Outside contractors will attempt to rescue pupils from failure

February 02, 2000|By Howard Libit | Howard Libit,SUN STAFF

Maryland followed through on six years of threats to failing schools yesterday, taking control of three Baltimore elementaries and promising to turn them over to outside managers by the start of the next school year.

"No child should have to attend a failing school by accident of where he or she lives," said state schools Superintendent Nancy S. Grasmick. "The 1,500 children at these three schools are not having an opportunity to be competitive."

The first state takeover of individual schools in Maryland's history came on the same day that an independent evaluation of Baltimore's school reforms gave the city a qualified thumbs-up on its effort to turn around the failing school system.

The report -- prepared after six months of study by Metis Associates Inc., a New York City research firm -- found that city schools have gotten off to a good start by putting in place new curriculums, recruiting better teachers and overhauling an antiquated system that failed to keep track of students who frequently move from school to school.

The three elementary schools taken over by the state school board yesterday are Gilmor, Montebello and Furman L.Templeton.
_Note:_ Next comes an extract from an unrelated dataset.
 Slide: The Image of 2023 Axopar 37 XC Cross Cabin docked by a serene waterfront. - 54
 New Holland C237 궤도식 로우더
Fewer than 10 percent of third-graders at the three schools scored satisfactory in reading on the most recent state exams, and the overall third-grade scores at two of the schools have declined in the years since they were put on notice by the state.
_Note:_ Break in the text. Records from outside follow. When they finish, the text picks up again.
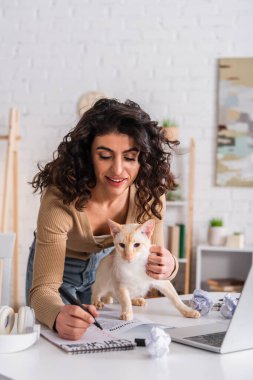 Cheerful copywriter writing on notebook near oriental cat and laptop 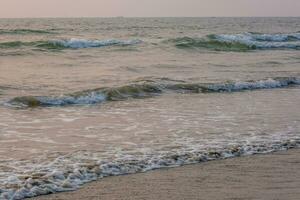 mousse de mer ou océan vagues contre le toile de fond de le réglage Soleil photo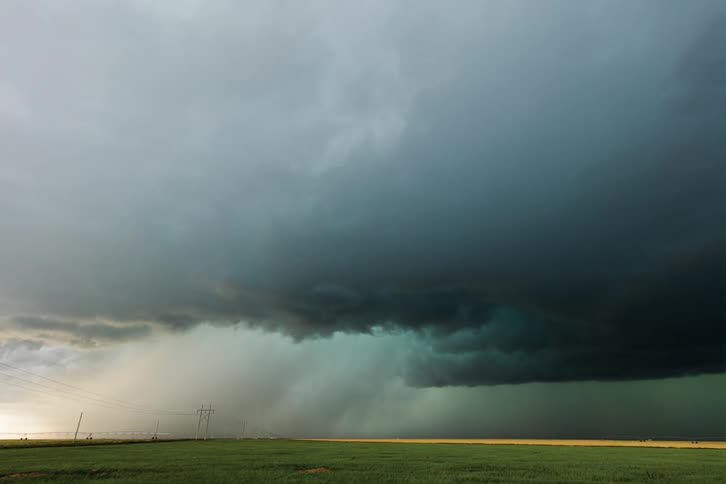 Dark clouds move over an open field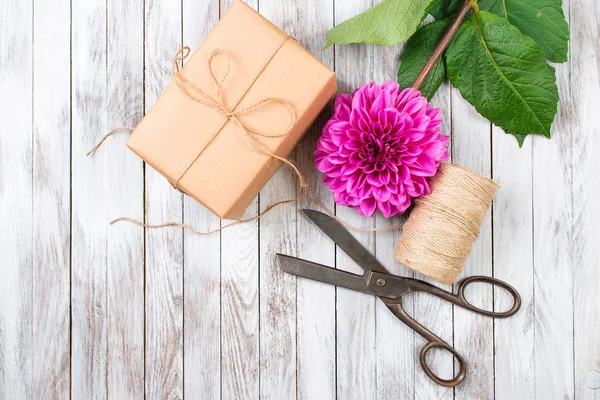 Handcrafted gift box and pink chrysanthemum flower on wooden background. Concept of natural style design. — Stock Photo, Image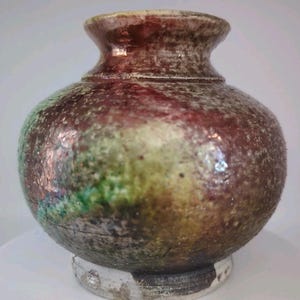 May include: A handcrafted ceramic vase with a bulbous body and a narrow neck. The vase features a mottled glaze in shades of brown, red, green, and gold. The base is a lighter color, and the overall texture is rough.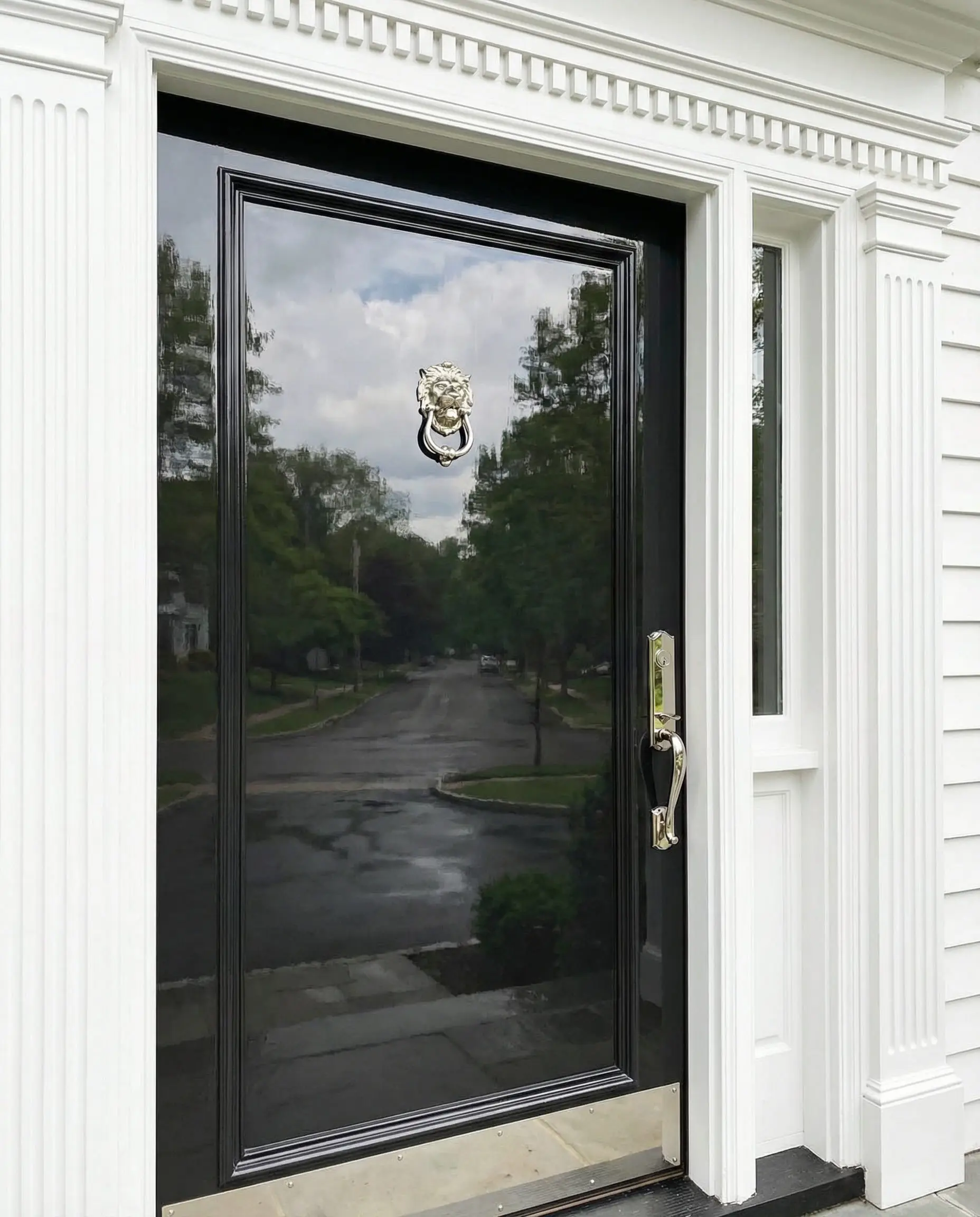 High-gloss front door painted in Sherwin-Williams Tricorn Black reflecting the street.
Most of the city's education leaders -- who attended yesterday's state school board vote -- appeared resigned to the takeover, acknowledging the low performance at the three schools but saying they believe their reforms will pay off.

"If this improves student achievement, then I think it is the appropriate decision," said Robert Booker, the Baltimore schools chief executive officer. "If it doesn't, then something else needs to be done."
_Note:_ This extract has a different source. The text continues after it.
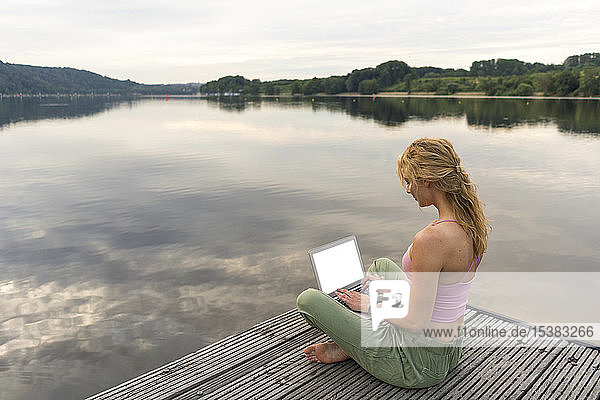 Junge Frau mit Laptop auf einem Steg an einem See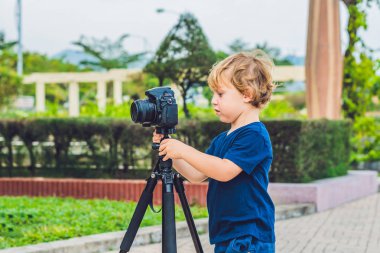 Yürümeye başlayan çocuk üzerinde bir kamera bir tripod üzerinde fotoğraf çeker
J. Tyson Tildon, president of the city school board, said he thinks the takeover will catch the attention of other low-performing schools. "While there are concerns, I think one has to use this as a wake-up call," Tildon said. "When we sit here, we know these children are not learning. That is the fact."

But city school board member Sam Stringfield disagreed strongly with the state board's decision. "I cannot say strongly enough how much I feel they have made an error," he said.

Under the takeover, control of the three schools will be given to outside companies or nonprofit organizations July 1. The schools will be operated by the city until then. The state board considered closing the schools and sending the children elsewhere, but there was not room in nearby schools -- and some of the nearby schools are themselves low-performing.

The three outside managers identified yesterday -- Mosaica Education Inc., Edison Schools Inc. and a partnership of the Kennedy Krieger Institute and the Erickson Foundation -- must draw up specific plans for one or more of the schools. The state board may vote as soon as the end of this month on who takes over.

The outside contractors will hire their own teachers, principals and other staff, though those who work there now will be allowed to reapply. Those who are picked to stay -- as well as all new staff -- will be employed by the outside contractors, not the city schools. Almost everyone else will be allowed to find jobs elsewhere in the system.

"I'm a little distraught right now," said Laura Trotta, who teaches pre-kindergarten at Furman L. Templeton and may find herself out of a job.

Some teachers questioned why the three schools that were picked for takeover had just had new principals installed in the fall.

"I feel the new principal and the new faculty hasn't been given a chance, which is very discouraging," said Judy Geisler, a 10-year city teacher new to Furman L. Templeton. "It is unfair."

Yesterday's decision marks one of the boldest steps taken in Maryland's decade of education reform. In a carrot-and-stick approach to improving schools, the state offers extra money to those that improve and threatens low-performing ones with takeover.

Since 1994, the state has identified 83 failing schools in Baltimore, 12 in Prince George's County and one each in Anne Arundel and Somerset counties, based on low state test scores and attendance rates. Yesterday, the board voted not to add schools to that list -- even though 14 likely would qualify -- because the takeover is going to take so much attention.

By labeling schools as eligible for takeover, the state has given them extra supervision and training and a little more money.

For some schools, such as Pimlico Elementary in Northwest Baltimore, this has been enough to spark improvement. Woodson Middle in Somerset County improved enough in 1999 to be promoted off the failing list.

The two state school board members who voted against the takeover questioned whether enough has been done.